## WHAT IS NEEDED:
Would you give back exactly the lines from the line with "3 bedroom terraced" through the end of the entries below, both included, but none of the pictures?

*** Opening SOURCE DATA ***

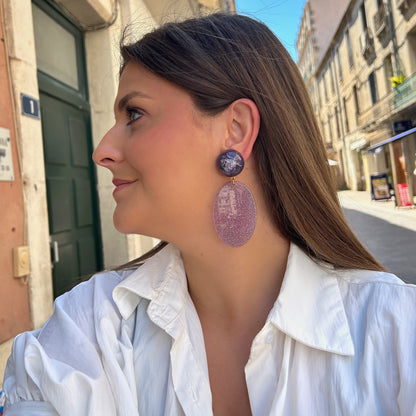Boucles Paillette Violette Francine Bramli Paris oversize avec clou violet marbré et médaillon pailleté rose-violet.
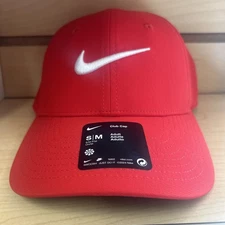 Nike Club Cap Structured Swoosh Golf Hat University Red Size S/M M/L FB5625-657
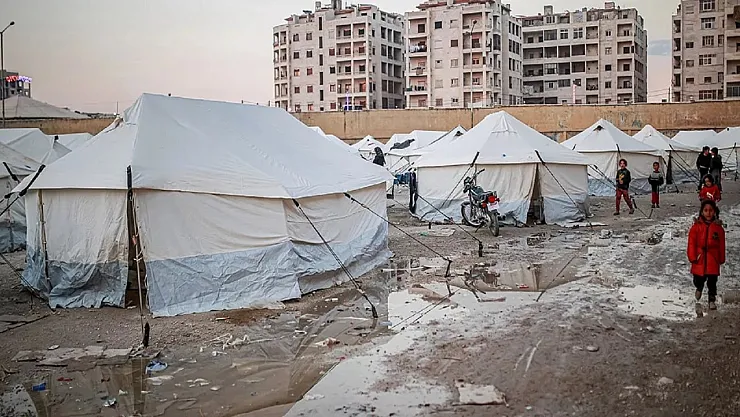 Depremin ekonomik etkileri araştırılıyor! Tahminlere göre Türkiye 2024'te yüzde 4 büyüyecek!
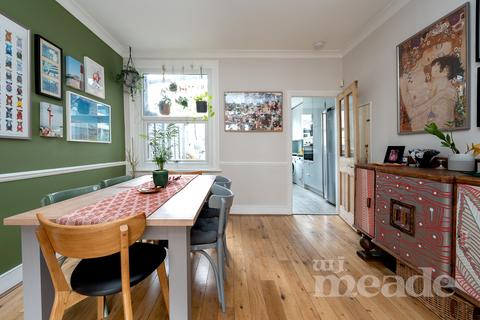 3 bedroom terraced house for sale - Haldan Road, Highams Park, E4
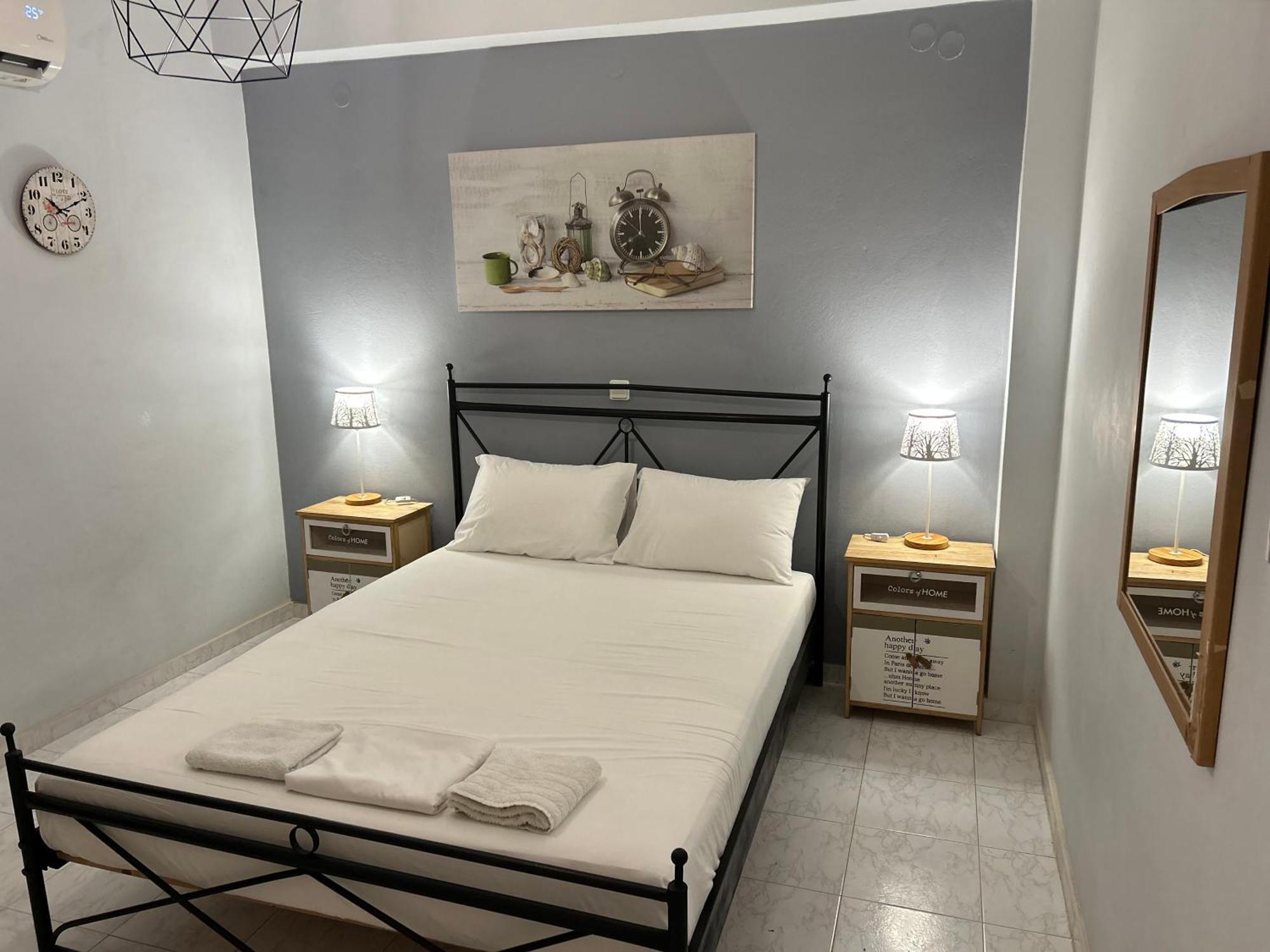 Menelaos Apartments อาเดเลียโนส กัมโปส ภายนอก รูปภาพ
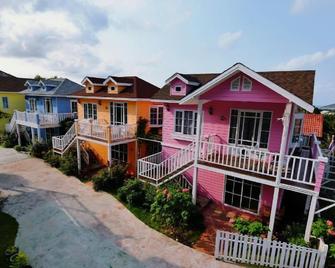 Bunny Hill Resort - Sattahip - Gebäude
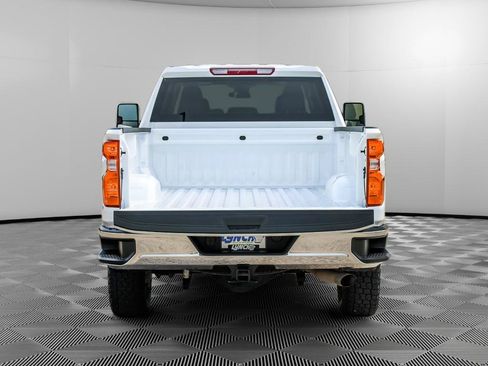 Used 2024 Chevrolet Silverado 2500 LT w/ Convenience Package AWD/4WD image 7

*** Closing SOURCE DATA ***

## ANSWER TO THIS EXERCISE:
 3 bedroom terraced house for sale - Haldan Road, Highams Park, E4
 Menelaos Apartments อาเดเลียโนส กัมโปส ภายนอก รูปภาพ
 Bunny Hill Resort - Sattahip - Gebäude
 Used 2024 Chevrolet Silverado 2500 LT w/ Convenience Package AWD/4WD image 7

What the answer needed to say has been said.